Source data:
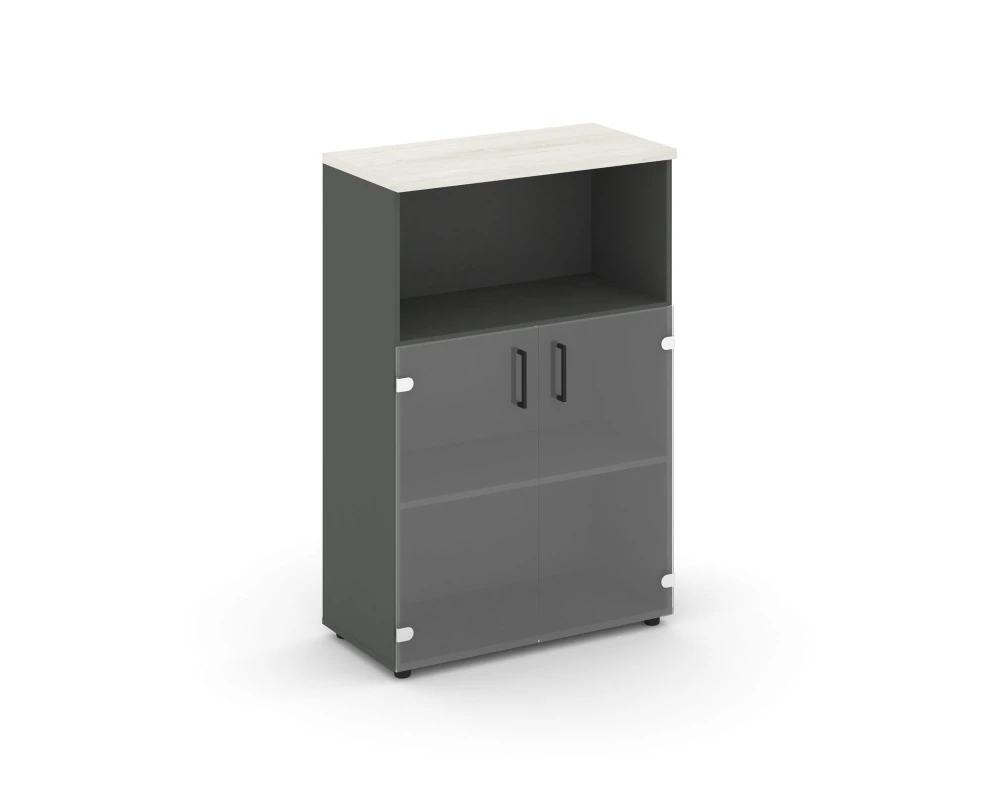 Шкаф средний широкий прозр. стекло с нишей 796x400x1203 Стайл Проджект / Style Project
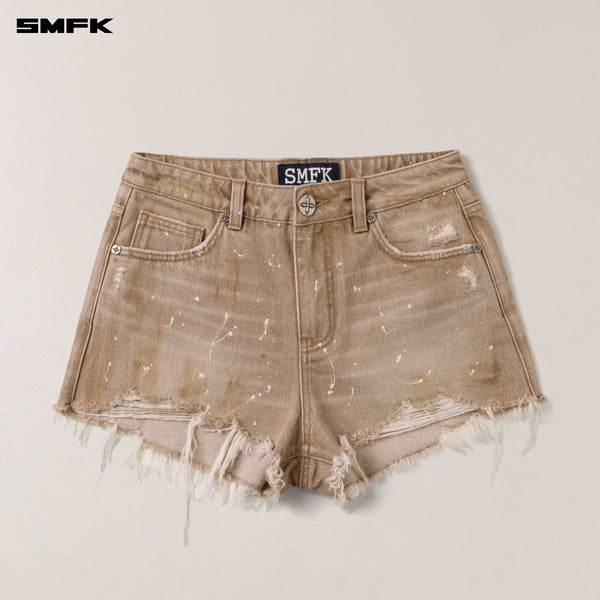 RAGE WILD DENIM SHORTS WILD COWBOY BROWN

...

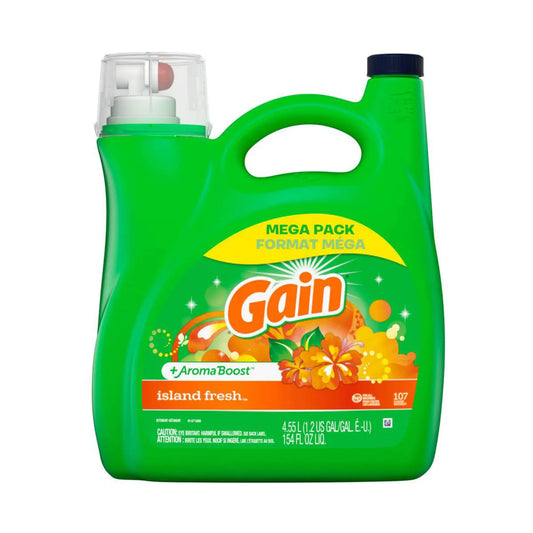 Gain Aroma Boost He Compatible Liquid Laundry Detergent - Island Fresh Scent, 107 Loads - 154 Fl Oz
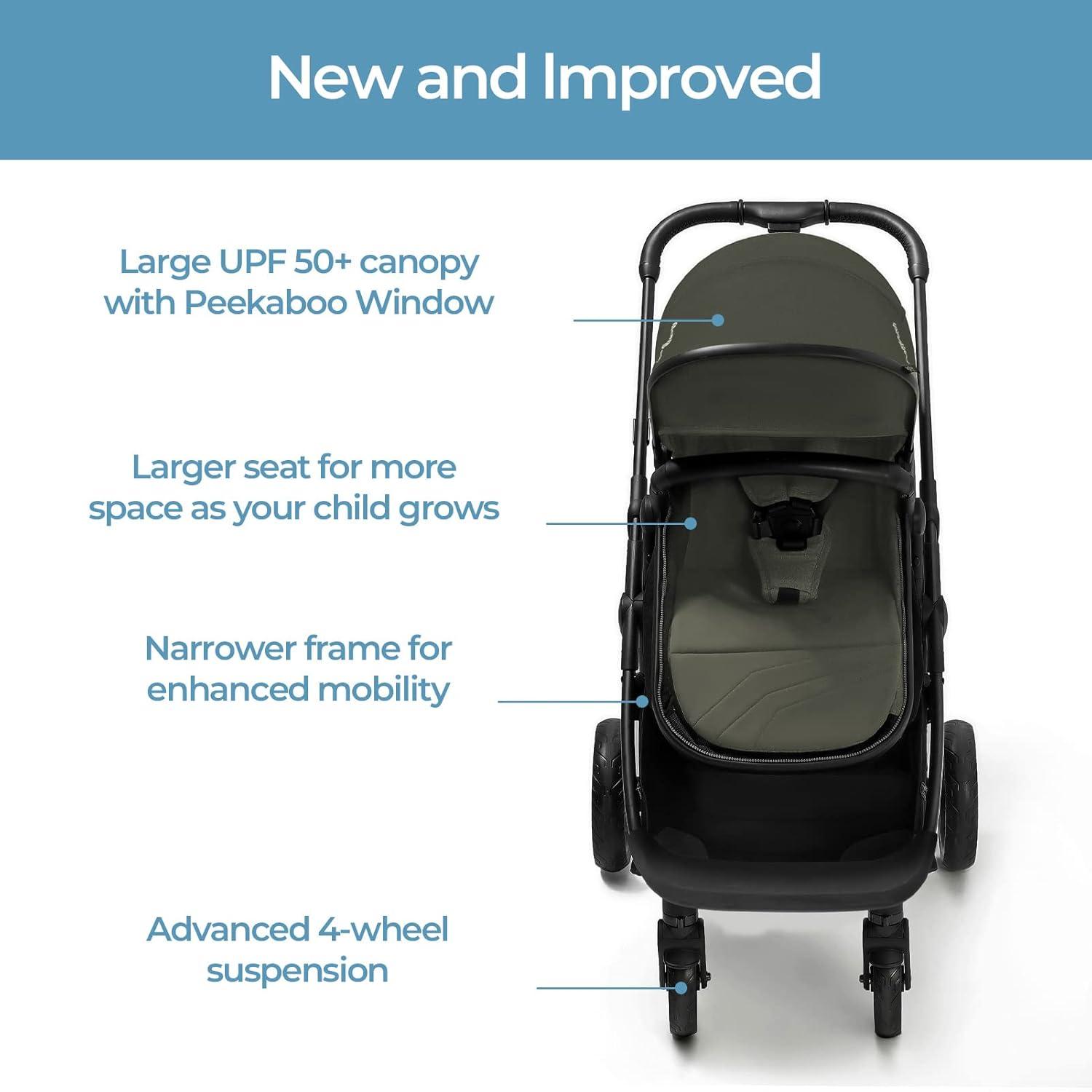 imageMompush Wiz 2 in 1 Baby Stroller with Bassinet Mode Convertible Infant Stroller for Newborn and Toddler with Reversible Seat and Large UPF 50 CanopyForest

---

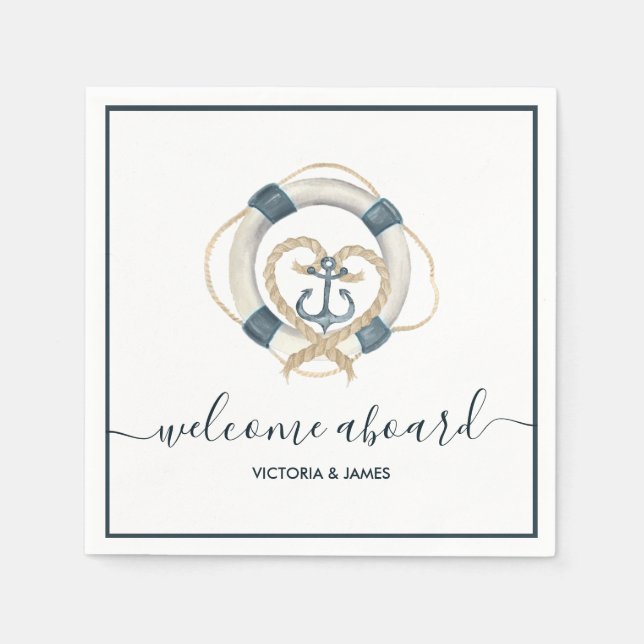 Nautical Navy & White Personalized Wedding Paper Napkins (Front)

Work request:
Reproduce the entries exactly, from the line with "Шкаф средний широкий" to the line with "RAGE WILD DENIM SHORTS WILD COWBOY BROWN", both lines included, keeping no pictures.

Result below:
 Шкаф средний широкий прозр. стекло с нишей 796x400x1203 Стайл Проджект / Style Project
 RAGE WILD DENIM SHORTS WILD COWBOY BROWN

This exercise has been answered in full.